Bigelow’s latest is Netflix nuclear thriller A House Of Dynamite, a film she describes as the final part of an unofficial trilogy that includes The Hurt Locker and Zero Dark Thirty, all three dealing with “the military industrial complex and national security”.

Told in 18-minute episodes from various point of views – among them a White House security analyst (Rebecca Ferguson), a general (Tracy Letts), the US secretary of defense (Jared Harris) and the US president (Idris Elba) – it asks, ‘What if an intercontinental ballistic nuclear missile was launched at the United States?’ “What happens in the halls of power?” she explains. “How do they respond? How safe are we, basically?”

Sparking ideas

A House Of Dynamite

Source: Netflix

‘A House Of Dynamite’

The answer, it would appear, is not very. In the past, Bigelow, who studied painting before earning her master’s in film theory and criticism at Columbia University, has talked about how her curiosity in something would spark a desire to make a film about it; wondering why she had to take her shoes off at airports post 9/11 led to Zero Dark Thirty. Now aged 74, she grew up in an era when the official advice for surviving a nuclear attack was to hide under your desk at school.

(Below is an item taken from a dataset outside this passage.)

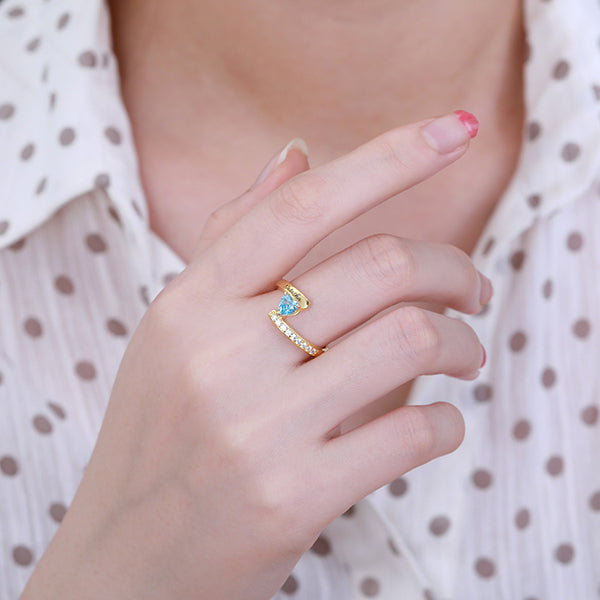 Engraved One Heart Birthstone Ring in Silver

Bigelow’s cinematic interest in the nuclear threat dates back to her 2002 historical thriller K19: The Widowmaker, which detailed a malfunction onboard the Soviet Union’s first nuclear sub that almost led to the Third World War. “So, I was already in this space,” she says. “I began to think, ‘We’ve normalised nuclear weapons, we don’t talk about them, we don’t protest them, we’re kind of silent, and the unthinkable is never discussed.’ I was interested in discussing the unthinkable.”

Bigelow mentioned the idea to her agent who put her in touch with Noah Oppenheim, a former president of NBC News-turned-screenwriter and producer, whose credits include the screenplays for Pablo Larrain’s Jackie and Wes Ball’s The Maze Runner. The pair began their research, meeting retired three- and four-star generals who had experience of Stratcom (United States Strategic Command) as well as advisors familiar with the workings of the White House situation room.

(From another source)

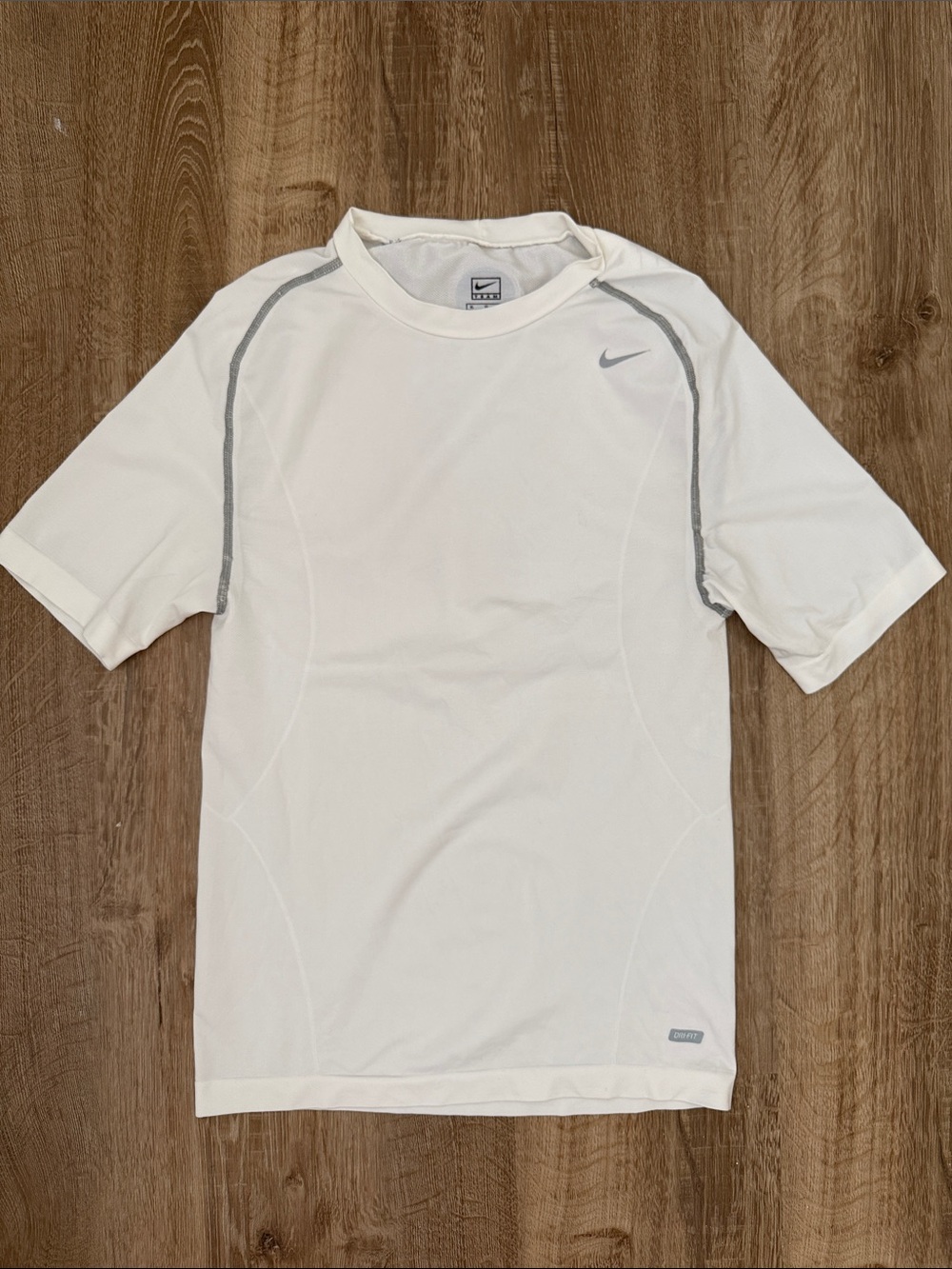 Nike White Athletic Dri-Fit Short Sleeve Tee with Gray Accents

“Noah already had multiple contacts, so was able to walk through a rough schematic of what would happen,” says the filmmaker. “Then we spoke to a former chief of staff for the Pentagon and said, ‘How do you rehearse when something like this happens?’” His reply stunned her. He said: “‘We don’t. We don’t have time for that. We’re too busy with other things.’ That was kind of a moment.”

A House Of Dynamite, which sees Bigelow collaborating with Ackroyd for a third time, does not reveal who fired the missile. “We didn’t want to point a finger, like, ‘Oh, it’s that bad guy over there.’ It makes it too easy, in a way. Preserving that ambiguity was very important to us.”

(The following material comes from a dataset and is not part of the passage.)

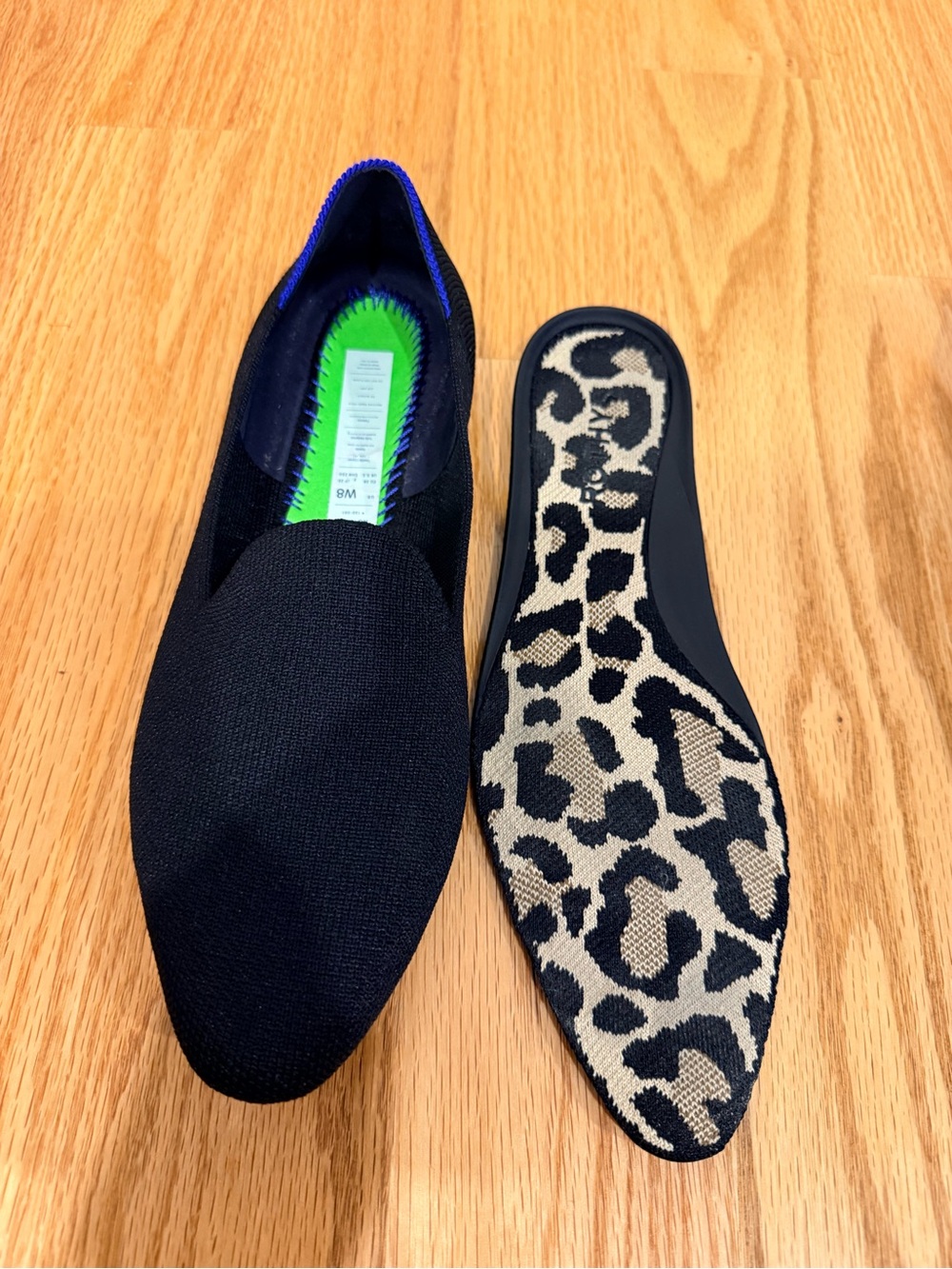 Rothy's The Almond Black Slip-On Loafers with Blue Trim - Picture 14 of 14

The film’s release comes almost eight years after previous feature Detroit, during which time she was attached to heist thriller Triple Frontier, written and produced by Mark Boal, with whom she collaborated on The Hurt Locker and Zero Dark Thirty, and Aurora, based on the novel by David Koepp. She bowed out of both, but remains an executive producer on Triple Frontier.

A House Of Dynamite premiered at Venice before opening in UK and US cinemas in early October, ahead of a release on Netflix’s streaming platform. The project came together at just the right time for Bigelow. “I was looking for a project that could have a lot of meaning and that’s what this satisfied,” she says. “It checked all the boxes, let’s put it that way.

“I wish more filmmakers would work in this space because there’s tremendous potential for meaning,” she adds. “It’s a question of how can film be relevant in today’s world? How can I inject into that world a meaningful conversation that could potentially course-correct? I know that’s incredibly optimistic and altruistic, but if not us, who?”